Besi Besemar May 9, 2019

Ever since Isaac Asimov wrote his series of Sci Fi books about the rise of the robots, we have feared what Artificial Intelligence (AI) might lead to.

IN her one-woman show Quintessence, Emily Carding cleverly and thoughtfully combines a view of a post-apocalyptic world with the undying power of Shakespeare’s plays.

I know it sounds a bit bizarre but my oh my how well it works. Global warming leading to famine and global war finally wipes out the human race. As the show opens, the avatar Ariel, a first generation android addresses us on the centenary of the birth of the AI generation that now inhabits the earth.

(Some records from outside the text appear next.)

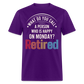 WHAT DO YOU CALL A PERSON WHO IS HAPPY ON MONDAY? RETIRED SHIRT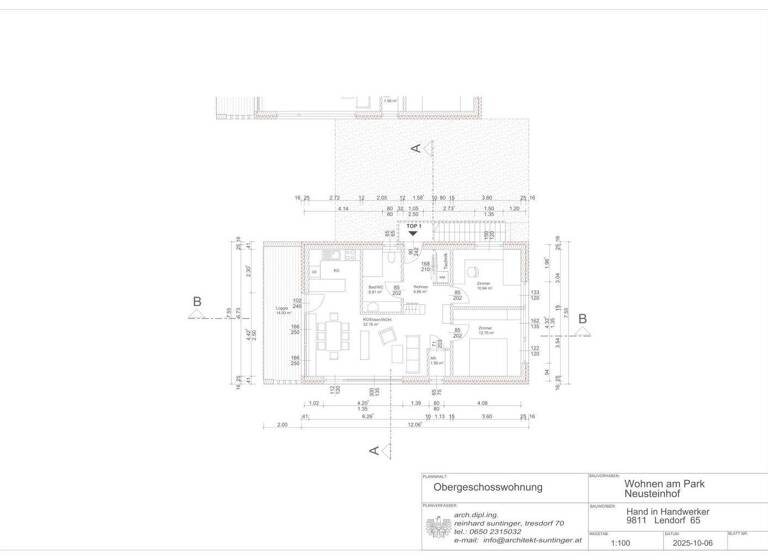 Wohnung zum Kauf - Erstbezug 299.000 € 3 Zimmer 71 m² Steinfeld 9754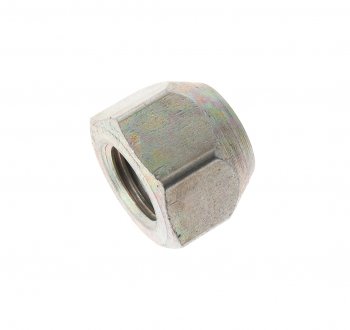 33 р. Гайка колеса М14х1.5х18 ГАЗ-2410,31029 открытая под ключ 22мм NO NAME 4595631725  с доставкой в г. Майкоп. Увеличить фотографию 1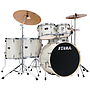 Tama - Bateria Imperialstar de 6 Piezas con Atriles y Asiento, Color: Blanco Brillante Mod.IE62H6W-VWS_8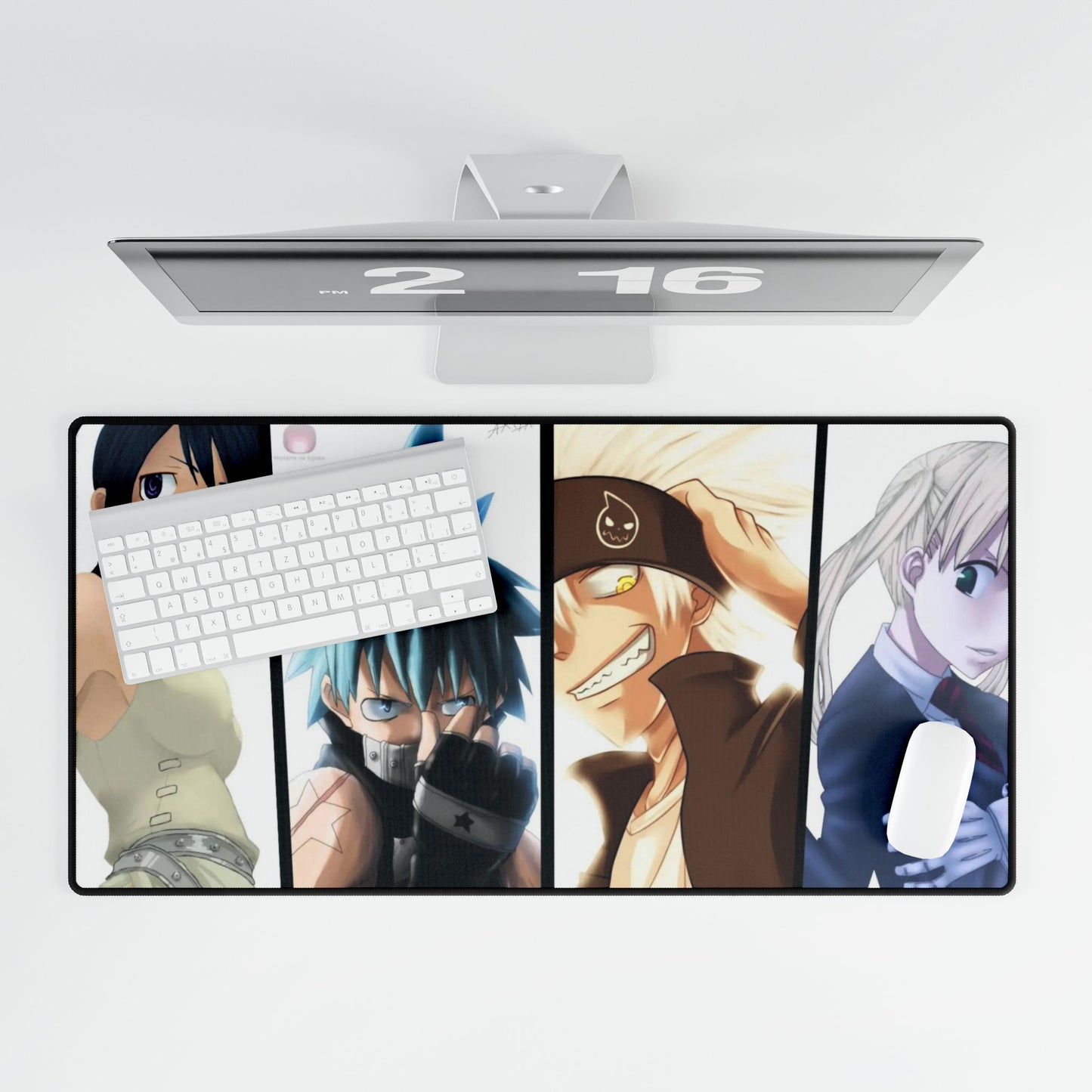 Soul Eater Maka Albarn, Tsubaki Nakatsukasa Mouse Pad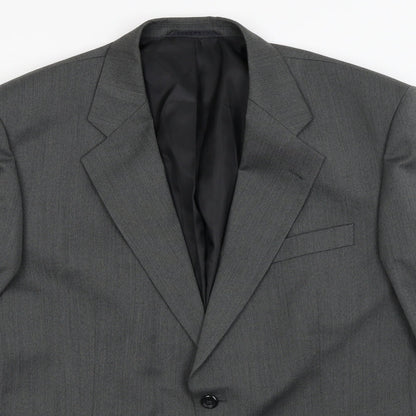 Mens UK Size 42 Chatsworth Regular Grey Suit Jacket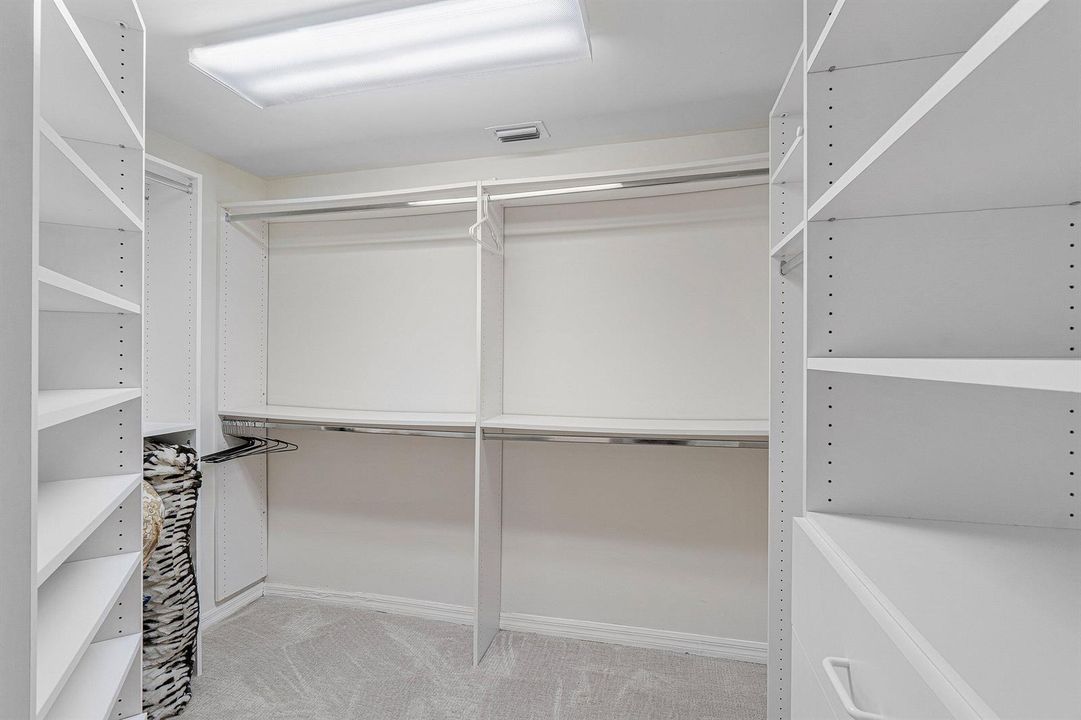 Primary Bedroom closet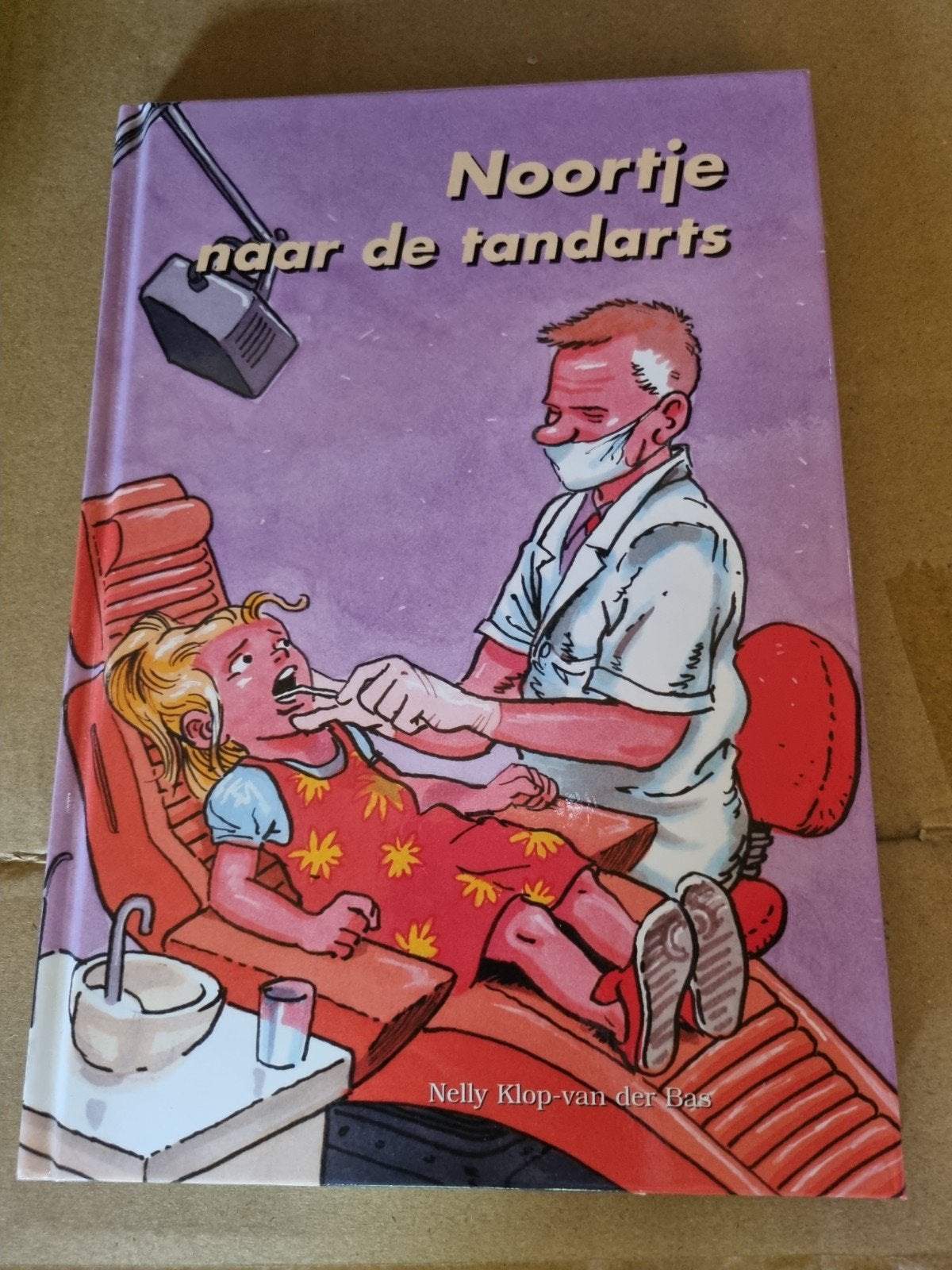 Noortje naar de tandarts - Kinderboek Nelly Klop-van der Bas, Ophalen, Gelezen, Nelly Klop-van der Bas, Fictie algemeen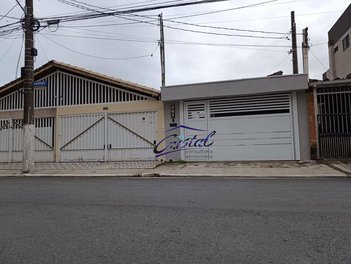 house em Avenida Marechal Hermes, Canto do Forte - Praia Grande - SP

With black and white contact lenses, Emily is every inch the robot, humourless, dry, scary and infallible.

Brilliantly the show interlaces her eerie flat-voiced robotic story-telling with highly impassioned relevant passages from the Bard’s greatest plays.

There is a frightening logic about AI she is telling us. The robots literally base their whole society on Shakespeare’s view of the world. Their main raison d’etre is to re-create humanity because mankind must thrive.

Their early attempts are actually successful, but they believe the signs of adolescence – moodiness, anger etc are signs of imperfection and the failure of their experiment. Because AI rules don’t allow them to painlessly destroy the humans they have made, they cast them outside their protected bio-domes presumably to die in the wilderness, much as Prospero treated the deformed creature Caliban in The Tempest.

In their attempt to recreate humans, the robots decide they must remove those elements of the human character that led to its doom – hate, anger, the need for power. You can see the scary logic of this machine world but of course we know it will all end in tears.

It is Shakespeare’s “so potent art” that leads them in all things even when the great writer seems to contradict himself. Ariel is puzzled why his greatest tribute to love – Romeo and Juliet – only leads to hate and death. The end is predictably inevitable.

Emily Carding, directed by Dominique Gerrard gives a stunning performance as our monotone robotic guardian angel. And in the Shakespearean passages she is strong, energetic and full of emotion.

To be or not to be is a binary question which the robots can identify with – zero or 1, thrive or not thrive. But in the end the seeds of destruction are hidden in the seeds of creation.

Quintessence plays at  Sweet Werks 2 in Middle Street, Brighton as part of Brighton Fringe till May 12.